20La question de la mesure nous conduit à la question du comparatisme. Si les prises de position moralistes ou les présupposés rationalistes des approches économiques sont un obstacle à l’entreprise comparatiste, J.-F. Médard (1997a : 263) indique la limite relative aux coûts d’une recherche forcément internationalisée. J. Cartier-Bresson (1997) suggère pour sa part l’insuffisance d’une réflexion sur les termes de la comparaison dans la mesure où il relève que les typologies sont pour la plupart indexées au contexte des pays du tiers-monde et donc peu transférables au contexte des pays de l’Europe de l’Ouest. R. Lucchini (1995 : 221) estime que l’analyse comparative est indispensable pour dépasser les points de vue stérilisants du « relativisme radical » ou de l’ethnocentrisme. Il évoque alors la nécessité de comparer l’expérience singulière que des cultures différentes font des droits de l’homme.

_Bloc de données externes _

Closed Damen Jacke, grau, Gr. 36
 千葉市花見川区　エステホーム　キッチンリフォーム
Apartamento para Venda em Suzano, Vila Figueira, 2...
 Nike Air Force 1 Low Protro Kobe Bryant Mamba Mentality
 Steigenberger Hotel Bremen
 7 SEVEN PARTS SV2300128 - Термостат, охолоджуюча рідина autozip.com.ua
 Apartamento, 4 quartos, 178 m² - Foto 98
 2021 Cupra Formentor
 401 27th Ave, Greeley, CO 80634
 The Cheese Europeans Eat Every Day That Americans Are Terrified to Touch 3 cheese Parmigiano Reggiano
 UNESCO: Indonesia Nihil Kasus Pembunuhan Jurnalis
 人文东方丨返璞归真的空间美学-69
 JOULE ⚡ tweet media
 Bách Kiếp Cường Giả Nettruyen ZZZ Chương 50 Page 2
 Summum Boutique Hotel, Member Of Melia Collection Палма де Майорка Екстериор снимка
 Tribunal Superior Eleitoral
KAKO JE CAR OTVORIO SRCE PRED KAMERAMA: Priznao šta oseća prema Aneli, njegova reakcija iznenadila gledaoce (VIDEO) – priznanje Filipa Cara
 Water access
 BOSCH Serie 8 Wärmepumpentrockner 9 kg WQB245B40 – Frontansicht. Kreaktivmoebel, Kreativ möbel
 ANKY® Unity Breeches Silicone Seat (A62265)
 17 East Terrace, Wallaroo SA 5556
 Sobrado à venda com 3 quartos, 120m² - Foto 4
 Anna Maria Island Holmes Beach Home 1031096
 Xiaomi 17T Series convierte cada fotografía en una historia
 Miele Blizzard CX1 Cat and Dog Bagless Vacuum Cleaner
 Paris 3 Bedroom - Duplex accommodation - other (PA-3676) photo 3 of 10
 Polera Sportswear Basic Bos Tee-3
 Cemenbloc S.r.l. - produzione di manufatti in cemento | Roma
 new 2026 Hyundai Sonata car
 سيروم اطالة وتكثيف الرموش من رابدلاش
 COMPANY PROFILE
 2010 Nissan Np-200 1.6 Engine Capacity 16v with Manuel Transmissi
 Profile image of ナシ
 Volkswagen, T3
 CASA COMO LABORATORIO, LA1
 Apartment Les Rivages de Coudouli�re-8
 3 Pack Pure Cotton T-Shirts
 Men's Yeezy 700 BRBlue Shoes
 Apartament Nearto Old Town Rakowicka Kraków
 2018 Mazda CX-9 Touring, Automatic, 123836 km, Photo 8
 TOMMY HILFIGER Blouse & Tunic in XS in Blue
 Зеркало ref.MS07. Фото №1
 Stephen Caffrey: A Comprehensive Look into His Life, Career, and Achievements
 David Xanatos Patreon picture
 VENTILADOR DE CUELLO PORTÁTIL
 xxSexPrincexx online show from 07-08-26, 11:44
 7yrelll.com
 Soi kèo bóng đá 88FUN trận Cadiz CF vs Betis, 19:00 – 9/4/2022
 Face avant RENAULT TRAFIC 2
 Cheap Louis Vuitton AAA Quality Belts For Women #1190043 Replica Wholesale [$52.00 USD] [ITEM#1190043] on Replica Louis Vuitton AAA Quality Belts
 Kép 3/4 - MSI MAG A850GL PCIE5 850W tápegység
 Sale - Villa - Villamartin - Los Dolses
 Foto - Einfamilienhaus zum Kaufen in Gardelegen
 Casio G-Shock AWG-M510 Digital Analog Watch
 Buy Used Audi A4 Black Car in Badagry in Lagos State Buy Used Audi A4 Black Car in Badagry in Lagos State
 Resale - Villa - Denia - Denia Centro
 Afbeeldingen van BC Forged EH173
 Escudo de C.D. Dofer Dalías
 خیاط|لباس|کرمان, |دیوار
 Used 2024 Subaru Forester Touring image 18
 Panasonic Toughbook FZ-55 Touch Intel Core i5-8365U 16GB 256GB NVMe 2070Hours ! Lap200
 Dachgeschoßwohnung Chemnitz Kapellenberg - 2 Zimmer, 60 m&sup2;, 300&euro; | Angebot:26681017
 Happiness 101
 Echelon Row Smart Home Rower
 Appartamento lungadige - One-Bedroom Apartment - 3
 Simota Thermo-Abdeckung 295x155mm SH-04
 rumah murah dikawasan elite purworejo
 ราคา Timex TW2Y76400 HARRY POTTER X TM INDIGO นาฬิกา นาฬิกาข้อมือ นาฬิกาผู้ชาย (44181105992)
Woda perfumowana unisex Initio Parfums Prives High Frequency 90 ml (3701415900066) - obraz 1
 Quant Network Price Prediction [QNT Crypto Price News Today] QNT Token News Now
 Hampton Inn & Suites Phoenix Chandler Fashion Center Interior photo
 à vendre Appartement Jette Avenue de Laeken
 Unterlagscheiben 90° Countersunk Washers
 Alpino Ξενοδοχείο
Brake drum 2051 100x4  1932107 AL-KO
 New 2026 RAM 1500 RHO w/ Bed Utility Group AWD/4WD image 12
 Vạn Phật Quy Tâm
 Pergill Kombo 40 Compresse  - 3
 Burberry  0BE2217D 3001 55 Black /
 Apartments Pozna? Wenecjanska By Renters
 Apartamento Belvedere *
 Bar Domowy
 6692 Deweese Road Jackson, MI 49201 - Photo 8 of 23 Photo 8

21La classification élaborée par Transparency International occupe une place de choix dans les analyses comparatives. A.J. Heidenheimer (1996) cherche tout particulièrement à expliquer les variations de la perception de la corruption dans les pays de l’Europe qui vont des « moins corrompus » (à savoir les « petits » pays européens du Nord et la Grande-Bretagne) aux « plus corrompus » (comme l’Italie, l’Espagne et la Grèce), en passant par les « peu corrompus » (la France, l’Allemagne, la Belgique et le Portugal). L’auteur assigne à ces différences entre le « nord » et le « sud » de l’Europe deux raisons essentielles : d’une part, une stricte séparation entre la sphère publique et la sphère privée qui caractérise les sociétés protestantes du Nord, et, d’autre part, la faible politisation de l’administration des pays du Nord12. J. Cartier-Bresson (1997) nuance les analyses de Heidenheimer. Notant, tout d’abord, que l’Europe de l’Ouest connaît une grande corruption liée à des réseaux sociopolitiques et consubstantielle au développement du financement illégal des partis politiques, ensuite, que le classement de Transparency International fait cependant ressortir des différences entre l’Europe du Nord et l’Europe du Sud, l’auteur souligne que, si la formation des élites administratives, les idéologies de l’engagement politique, la confiscation du politique par une « caste de professionnels », les modes de scrutin ou encore le cumul des mandats apparaissent comme des facteurs explicatifs, il n’existe pourtant pas de corrélation simple entre ces variables et le degré de corruption, même si dysfonctionnements administratifs, relations clientélaires, organisations criminelles ressortissent aux pays du Sud.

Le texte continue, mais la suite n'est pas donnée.